The History of the Sea of Gold

The Sea of Gold pictured at the Homecoming football game. Staff Photo: Bella Scola.

Adley Vogel, Staff Writer

The Sea of Gold, Menlo’s Spirit Organization, is a staple of the largest sports games of the year: Homecoming, Valparaiso Bowl and any home game against Sacred Heart Preparatory (SHP). They’re loud–really loud–and anytime the captains get in front of a crowd and buckle their imaginary roller coaster harnesses, you know the energy in the air is about to explode. The organization is so intertwined with Menlo School that it’s hard to imagine the school without it. But the Sea of Gold hasn’t been around forever; it’s actually only a decade old. And the story of the Sea of Gold didn’t start at Menlo. It started in the SHP bleachers in 2006, while dozens of Menlo students watched a basketball game.

Menlo Alumni Ryan Morris (‘08), a junior at the time, was one such student cheering on the Menlo basketball team that day at SHP. He had gone to plenty of Menlo sports games before this, and Morris himself played both football and baseball for the school, but, at both home and away games, the fan experience was uncoordinated. Menlo students sat spread throughout the stands, and an outside observer probably couldn’t tell who was and wasn’t cheering for the Knights. Morris said the Sea of Gold was born out of a desire for “uniformity,” and that at that SHP game in 2006, Menlo students showed up in numbers that inspired him and two friends, Alumni Colin Etnire (‘08) and Alumni Mitch Cavander (‘08), to try to focus all of Menlo’s spirit into one organization, which Morris himself named “The Sea of Gold.” “I was the ringleader, and I would always start cheers at games, so it just made sense to bring everyone in the stands onto the same team. And once it was a more uniform thing, people felt more comfortable in the stands, and it became popular to go to away games,” Morris said.

Senior portraits in the Menlo yearbook (From left to right): Ryan Morris (’08), Colin Etnire (’08) and Mitch Cavender (’08).

Once the organization was named, Morris, Etnire and Cavander set out to equip Menlo students with the shirts and rally towels needed to be as loud as possible at games. “We went and had shirts and towels made at Goetz Brothers, then sold them to Menlo students really cheap so everyone could get one. Because everyone had them, everyone felt more inclined to go to games and sit together and cheer louder. The t-shirts especially really helped increase turnout,” Etnire said via Twitter DMs.
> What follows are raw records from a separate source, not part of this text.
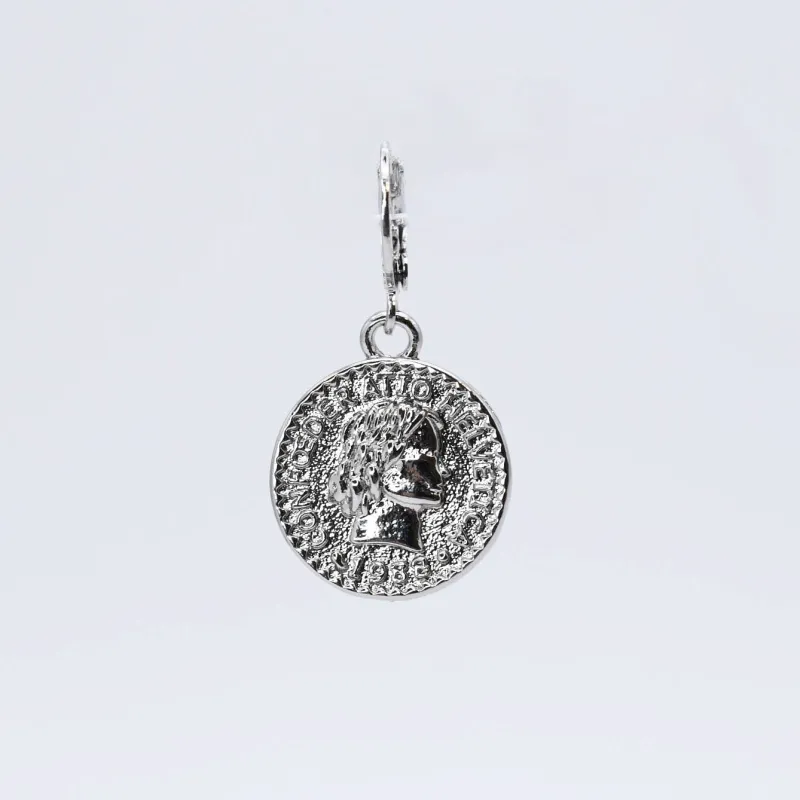 Lucky Charm Coin Silver CH-66 sold by Charming Charlie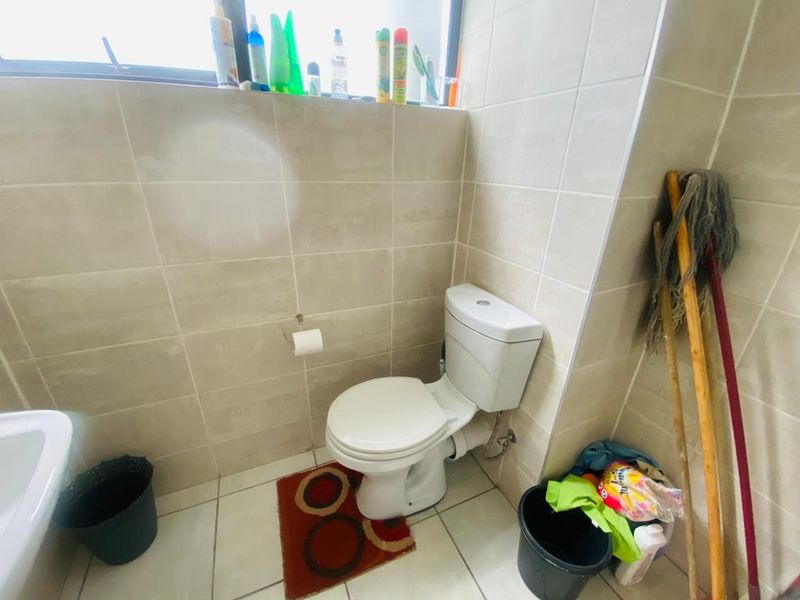A functional bathroom featuring neutral ceramic wall and floor tiling, equipped with a standard toilet and window for natural light.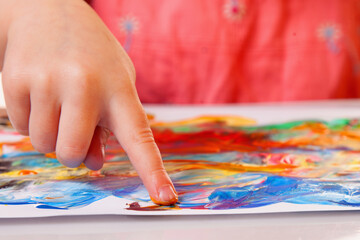 Obraz premium Child finger painting with colorful paint on white paper. Kids creativity, fun learning and art concept.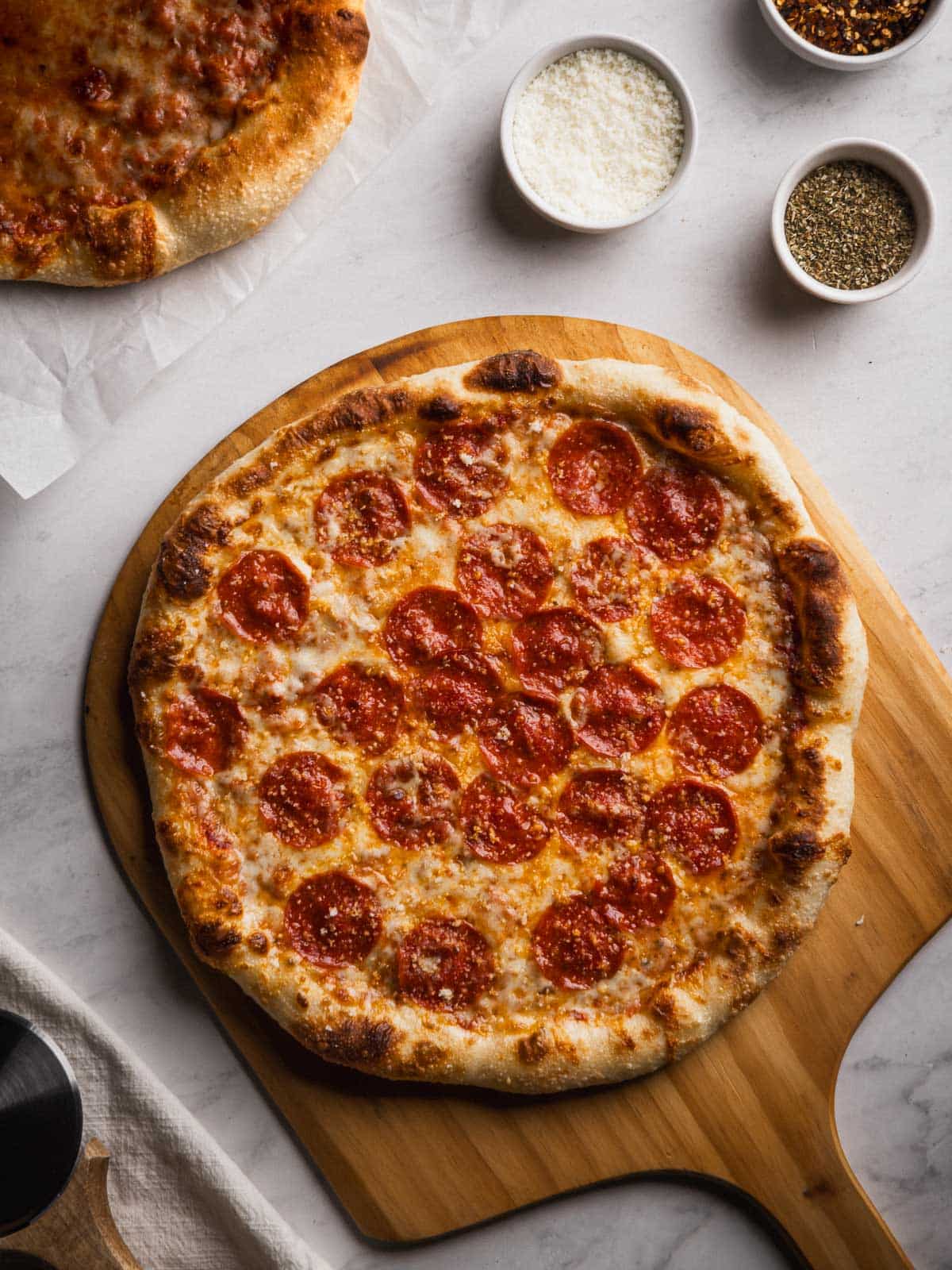 Pepperoni pizza made with cold ferment pizza dough on a wooden pizza peel with cheese, oregano, and red pepper flakes on the side.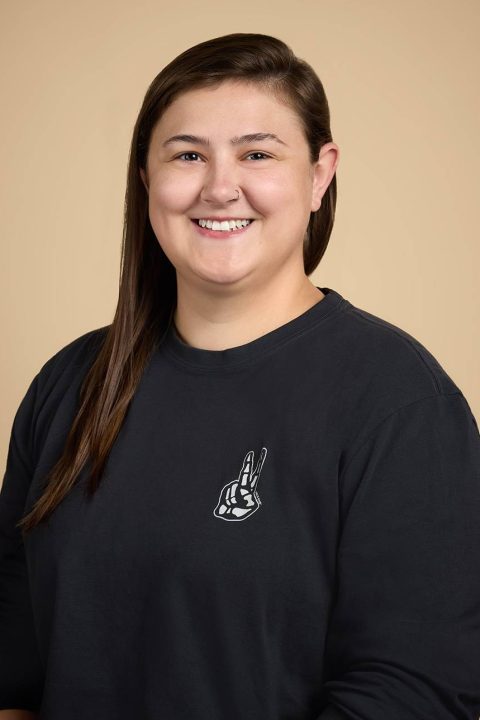 Meet the team: A person with long brown hair smiles warmly, wearing a black sweatshirt adorned with a white graphic of a hand making a peace sign. The backdrop is a plain beige color, complementing their friendly demeanor.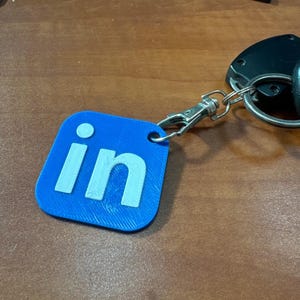 May include: A blue square keychain with the white text "in" on it.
Before The Sea of Gold was created, Menlo was unique in its lack of dedicated cheering section. “Other schools would get really loud and have a real impact on the game, and for a long time we just didn’t have that,” Morris said. But once it got going, the Sea of Gold became a phenomenon. “People couldn’t get enough, every Menlo game was basically sold out. The demand was insane. I remember it peaked in 2007 at a [Menlo-Atherton] game where they had to bring in stands on the other side of the stadium to fit all the kids who came. We would do the Yankee Stadium roll call at the beginning of every game, and people came so early so they could cheer as the players came on. We had so many chants and everyone knew when to do each one,” Morris said, “Like when the basketball coach threw a ball into the stands, we would scream the UCLA ‘This Is the Basketball’ chant. The students were always firing on all cylinders.”

These three leaders, Morris, Etnire and Cavander, didn’t realize that what they had created would outlast them for as long as it has. More than a decade later, the Sea of Gold is still screaming from the bleachers, but some of this original furor seems to be lost. The Sea of Gold undoubtedly was at its peak in 2007, but ever since, subsequent classes have had trouble re-capturing the school spirit that exploded 10 years ago. A 2012 Coat of Arms opinion piece titled Why Sea of Gold is Mired in Mediocrity captures this sentiment exactly. But despite the differences year by year, the organization persists. It’s going on a decade strong and shows no immediate signs of stopping. Our captains still cheer and Menlo fans still chant. It’s important to know where the Sea of Gold came from to know what it can be.